Não se trata de ausência de trabalho ou de dedicação. O problema está no modelo predominante: um policiamento reativo, voltado quase sempre para responder ao crime depois que ele ocorre. Essa lógica gera manchetes e visibilidade imediata, mas não altera de modo consistente a engrenagem da criminalidade. O cárcere cresce, as operações se sucedem, e a violência insiste em permanecer.
Há sinais, no entanto, de que outro caminho é possível. Exemplos concretos mostram como a aproximação entre polícia e cidadão gera resultados palpáveis. Operações de rastreamento e apreensão de quadrilhas que atravessavam celulares roubados para outros estados, seguidas da devolução dos aparelhos a seus legítimos donos, criaram confiança. O gesto de devolver um objeto pessoal não é apenas burocracia: é o reencontro simbólico entre sociedade e sua própria segurança. Em bairros vulneráveis, experiências de policiamento comunitário, com presença em escolas, reuniões com moradores e mediação de conflitos, mostraram que a proximidade constante pode reduzir o medo e evitar tragédias.
O entrave maior, contudo, não está apenas na prática policial, mas na forma como a política institucional molda o debate. Bancadas parlamentares dedicadas à segurança pública, compostas muitas vezes por oficiais eleitos em campanhas de linguagem dura, reforçam mitos que reduzem a eficiência policial. O discurso da força total, da promessa de sufocar o crime por meio de leis mais rígidas e operações espetaculares, mantém viva uma lógica estéril. Alimenta-se a crença de que a violência cederá apenas com repressão, quando a realidade mostra que essa corrida apenas consome recursos e energias sem produzir a mudança necessária.
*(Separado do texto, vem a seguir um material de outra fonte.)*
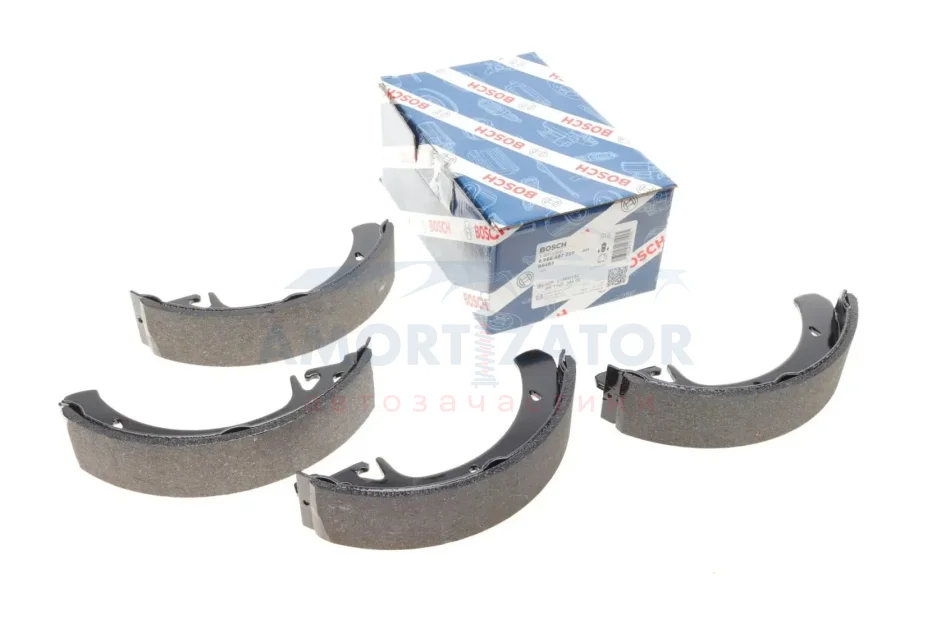 Гальмівні колодки барабані BOSCH 0 986 487 219 (фото 1)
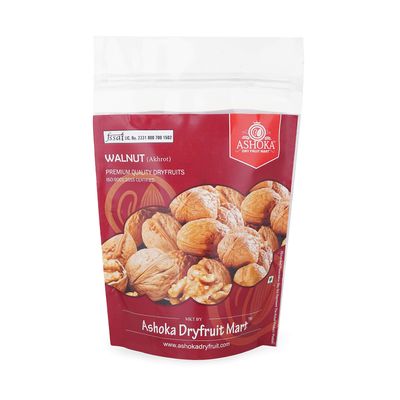 ADFM (ASHOKA DRY FRUIT MART) Dry Fruit Mart Kashmiri Walnut Without Shell,Akhrot Giri,250 G(Silver)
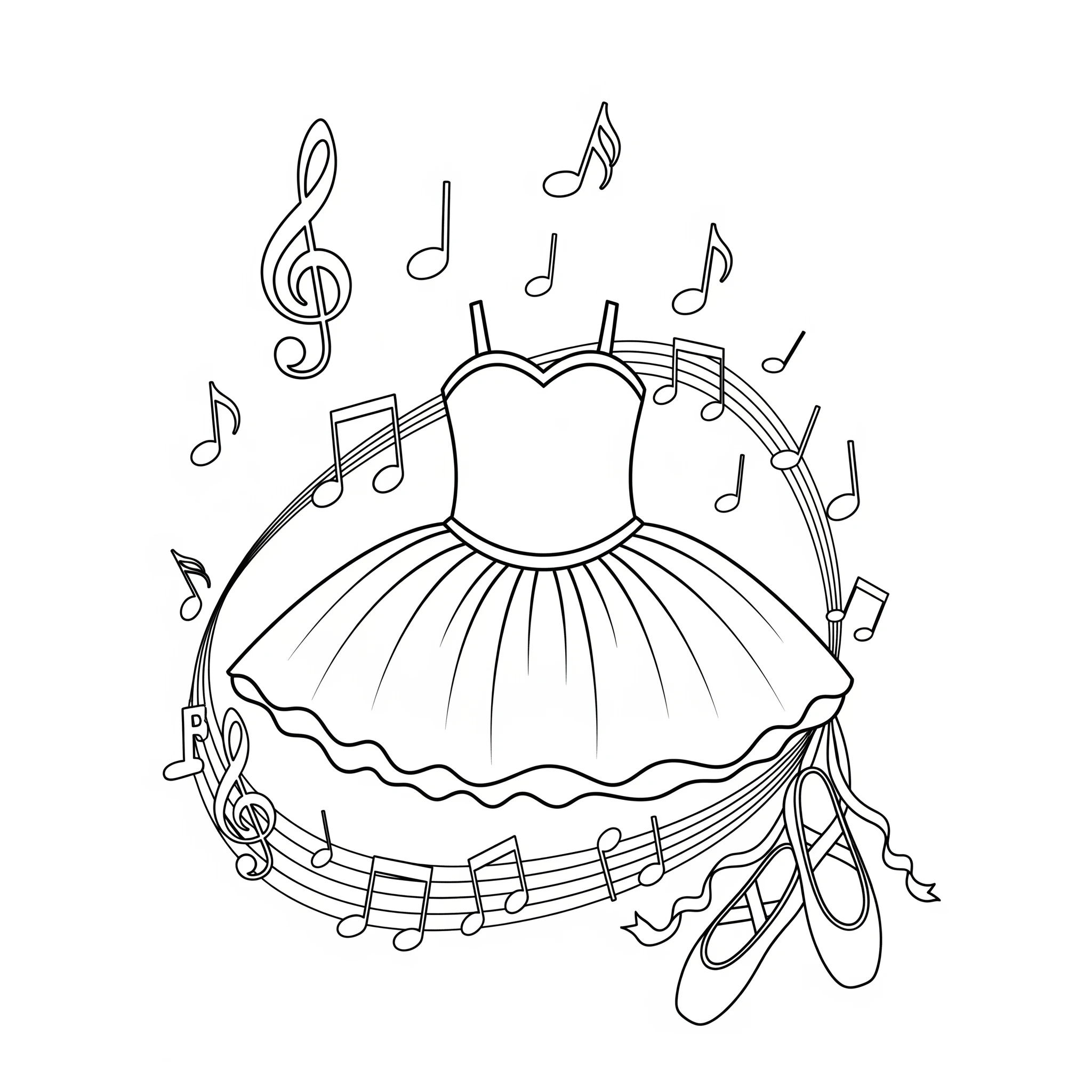 coloriage Robe gratuit à imprimer
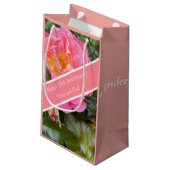 Petit Sac Cadeau 35e anniversaire Mariage Rose corallien (Dos Angle)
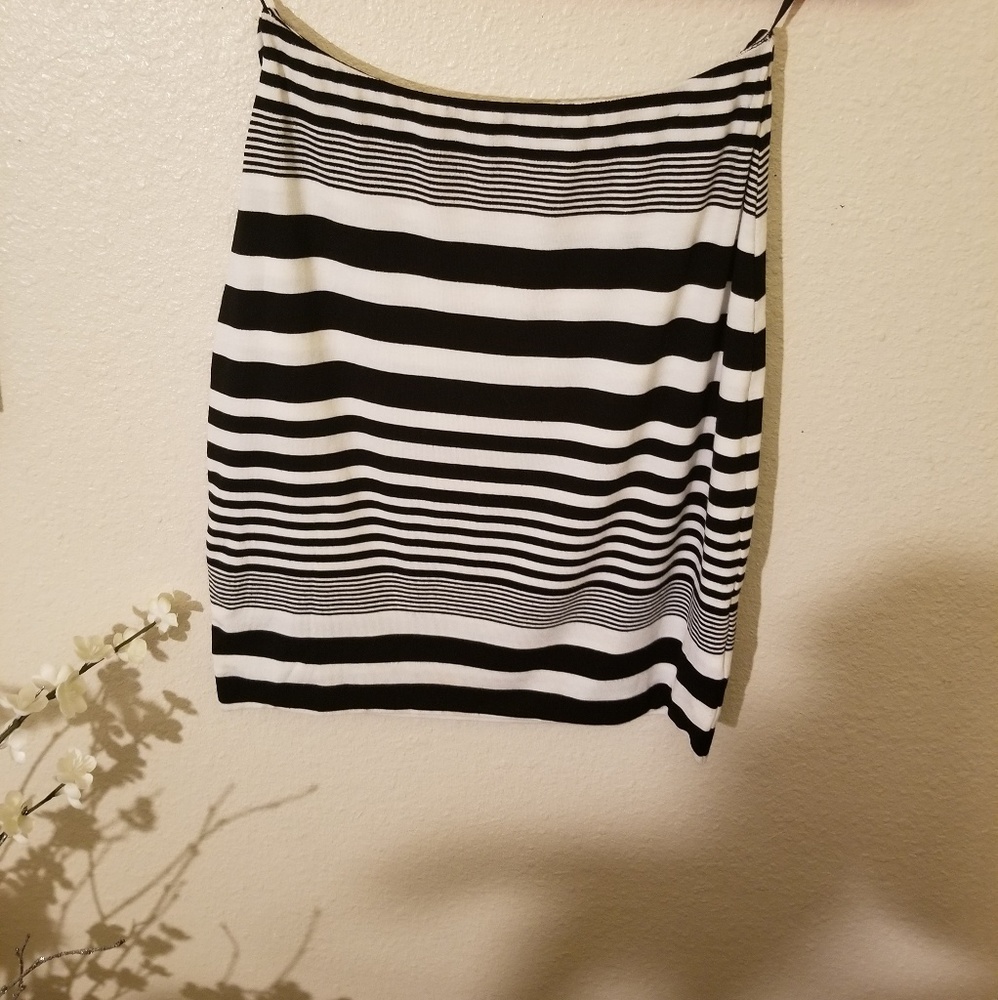 Torn by Ronny Kobo Striped mini skirt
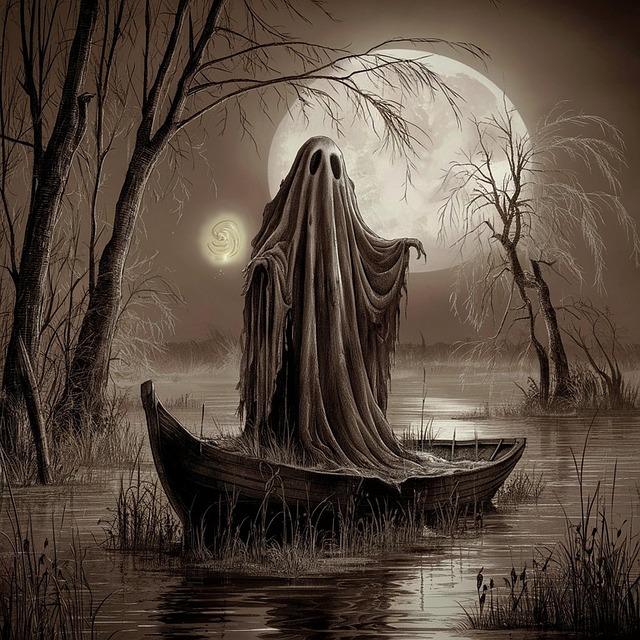 Free ghost nature specter illustration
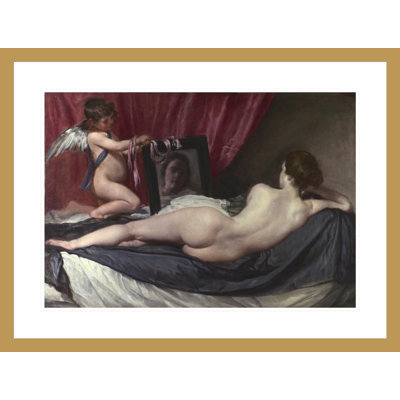 The Toilet of Venus (The Rokeby Venus) by Diego Velázquez -Framed Giclee Print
Esse é o ponto crucial: não se trata de enfraquecer a polícia, mas de liberá-la do peso de expectativas irreais e de narrativas que a transformam em protagonista solitária de uma guerra sem fim. A segurança pública precisa ser política de Estado, integrada a educação, urbanismo, saúde e cidadania. Persistir na corrida da Rainha Vermelha — multiplicando esforços sem sair do lugar — é desperdiçar energia e esperança. O desafio é deslocar o eixo: do espetáculo repressivo para políticas consistentes, da desconfiança para a parceria. Só assim a engrenagem da violência começará, de fato, a perder velocidade.